At least it’s cooler in here, he thought as he made his way through the dank tunnel. When had he gotten so jaded? Twenty years ago, he had wanted to be Indiana Jones. Somewhere along the way, the politics of academia had stripped him of that wonder, leaving him with nothing but cynicism and about six inches of fat around his belly. But now…what if this discovery turned out to be legitimate? His mind whirred with the possibilities.

He coughed. The air was getting even more stale, and the path grew steeper. Belinda kept a running commentary of her research as they traveled, explaining about the legend of the descendants of Eve who wanted to recreate Eden with the fruits she had smuggled from the Garden. Belinda’s excitement was infectious, and Josh found himself becoming impressed with her thoroughness. He was so engrossed with her story that he almost forgot the dark, clammy walls closing in on them both.

The tunnel opened up into a larger cavern, with a ceiling high enough for them both to comfortably stand. He did so, cursing his age once again as his knees creaked in protest. He reached out to the wall to steady himself.

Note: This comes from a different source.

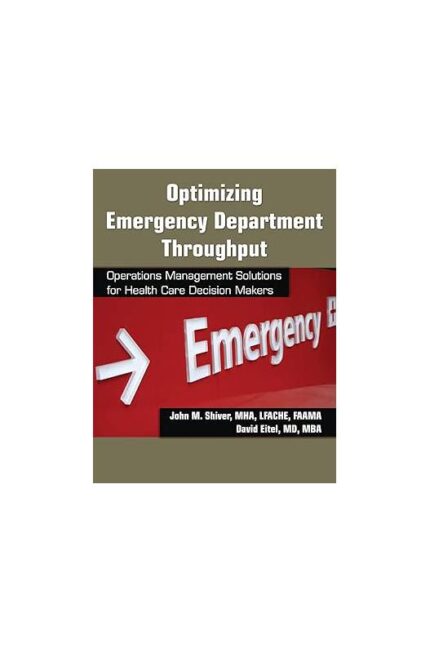 Optimizing Emergency Department Throughput- John M. Shiver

“Welcome to Eden, Dr. Brinkley.” Belinda quickly turned on several lamps she had left in the space.

When his eyes adjusted to the bright LED rays bouncing off the walls of the cave, he saw ancient glyphs carved into the stone all around him. Carved into the floor was a giant eye, and embedded in the center of that eye was largest piece of amber that he had ever seen. His heart beat even faster, and he began to take more shallow breaths.

“I know it sounds crazy, but I believe that’s THE apple. You know, the one Eve ate.” Belinda was aiming her flashlight at the amber, pointing at the objects trapped inside: a partially eaten fruit, several seeds and seed pods.

He was dizzy. Very dizzy. He wanted to congratulate her, to celebrate, and to take every precaution that this cave was not contaminated any more than it already was. He wanted to call all his colleagues and brag about this discovery. He would be famous! They both would be. But he couldn’t breathe. Why couldn’t he breathe? His legs gave out from under him.

Josh watched in shock as Belinda leaned over him. She was wearing an oxygen mask. “Sorry to do this to you, Dr. Brinkley, but this is my discovery now. I don’t need you anymore.”

The amber eye stared at them both, watching with dispassionate curiosity. These humans weren’t the first to try to unearth the secrets of Eden, and they wouldn’t be the last.

The eye blinked, and the room was once again bathed in darkness.

Belinda screamed. Josh struggled. Then they both were silent.

For the Scriptic prompt exchange this week, Eric Misener gave me this prompt: Well, this certainly gives new meaning to the phrase ‘the apple of his eye.’. I gave Jester Queen this prompt: Write a story in which one character is telling a lie.